Chacun constate la simultanéité de ces propositions et leurs convergences : elles ont en commun d’identifier la crise actuelle de la politique à la prédominance de logiques institutionnelles contradictoires avec l’émergence de nouvelles formes de politisation populaire. Cela conduit à préciser la nature du projet d’émancipation : une convergence fondamentale est à construire entre le combat pour l’égalité et une révolution démocratique. Une telle ambition, qui se situe sur le temps long de la construction d’une nouvelle culture politique, comporte différentes dimensions : celle d’un aggiornamento idéologique par le métissage de courants politiques ; celle d’une réinvention de la politisation populaire, qui suppose de rompre enfin avec la culture des partis guides (vieux ou jeunes) ; celle, trop oubliée, d’une refondation du rôle et des fonctions des forces sociales et politiques, à partir de ce constat : la répartition traditionnelle des rôles entre des syndicats chargés de l’animation des mobilisations et des partis conçus comme bras politiques du mouvement social dans les institutions ne fonctionne plus.
Ces questions sont posées à toutes les forces de gauche – par exemple, au Front de gauche, qui jusqu’ici ne prend pas au sérieux ceux qui les expriment – aussi bien qu’aux syndicalistes, aux intellectuels critiques et aux citoyens. On plaide pour qu’elles ne soient pas laissées en jachère, afin notamment de remettre les moments électoraux à leur place, moins hypertrophiée qu’aujourd’hui, c’est-à-dire en les abordant, bien sûr, mais autrement.

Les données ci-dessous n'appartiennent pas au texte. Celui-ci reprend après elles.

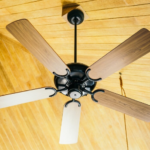 4 Tips to Find Reliable Flush Mount Ceiling Fans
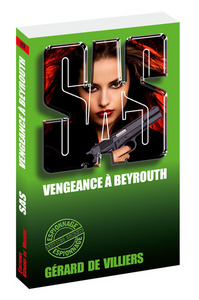 SAS 112 Vengeance à Beyrouth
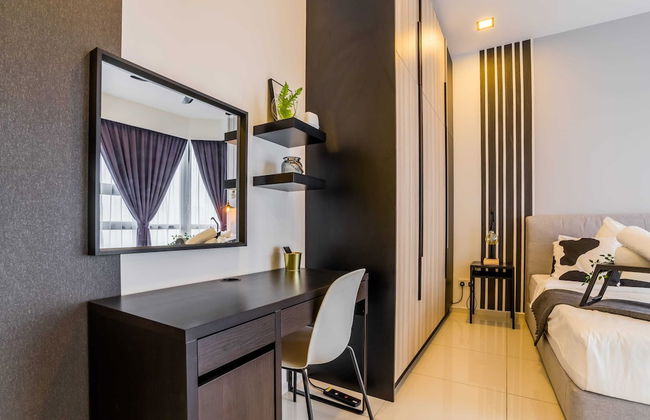 The Robertson 1 - Foto 18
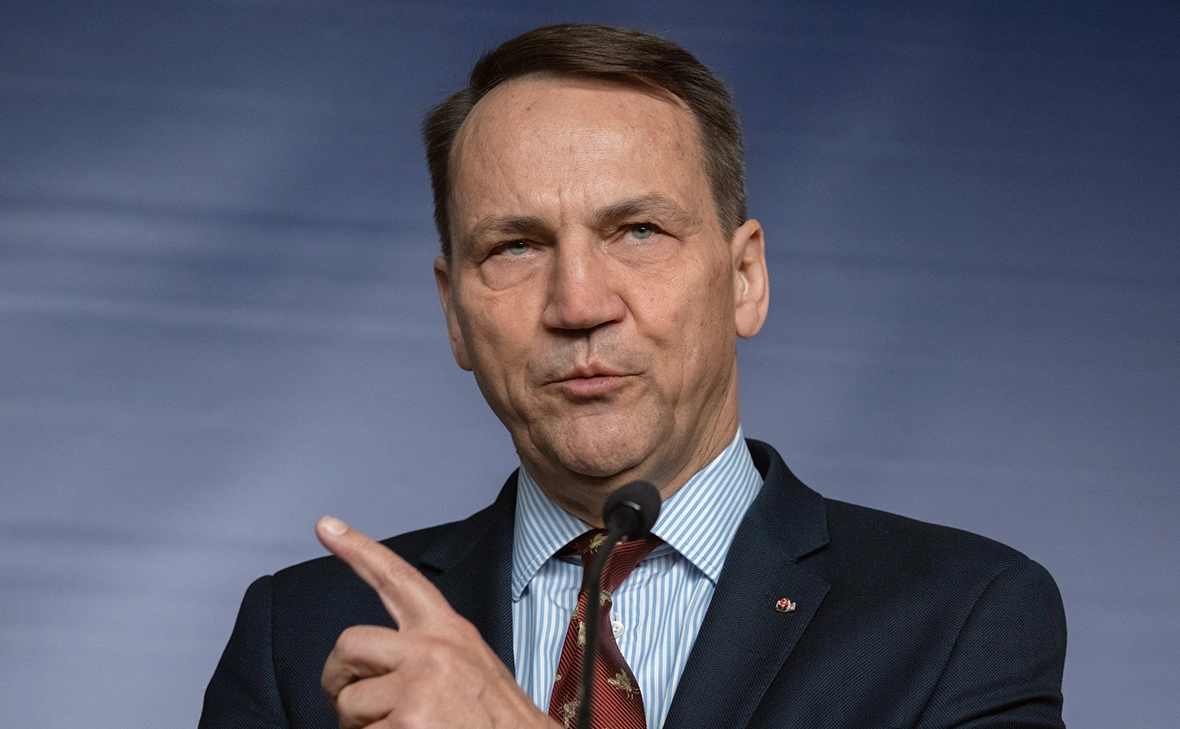 Marcin Banaszkiewicz / Fotonews / Global Look Press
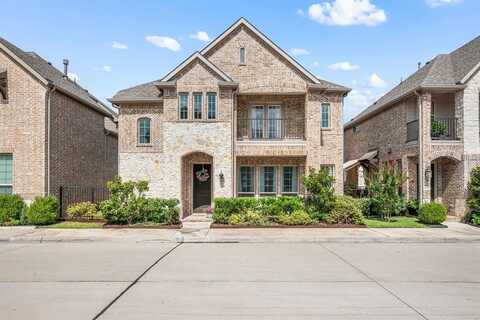 435 Renaissance Lane, Irving, TX 75060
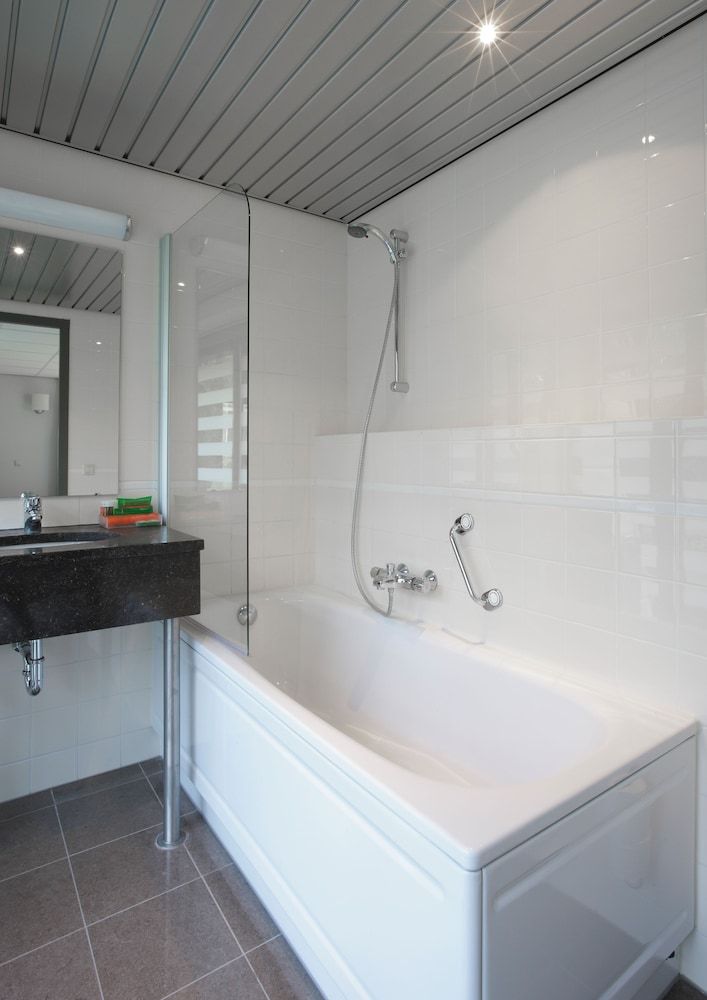 Fletcher Hotel-Restaurant Sparrenhorst-Veluwe Double Room 4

Faute de s’être mis au travail sur ces questions – et tant d’autres –, le PCF n’a plus d’identité. C’est en les prenant à bras-le-corps que les partisans de l’émancipation, et parmi eux les communistes, participeront joyeusement à l’enterrement du vieux monde, à sa métamorphose.
[^2]: L’Explication, Alain Badiou/Alain Finkielkraut, Lignes, mai 2010.
[^3]: « Que faire maintenant ? Dix thèses non conformes d’un communiste sans carte », Lucien Sève, avril 2010,
[^4]: « Ce que serait “ma” gauche », Edgar Morin, le Monde, 22 mai 2010.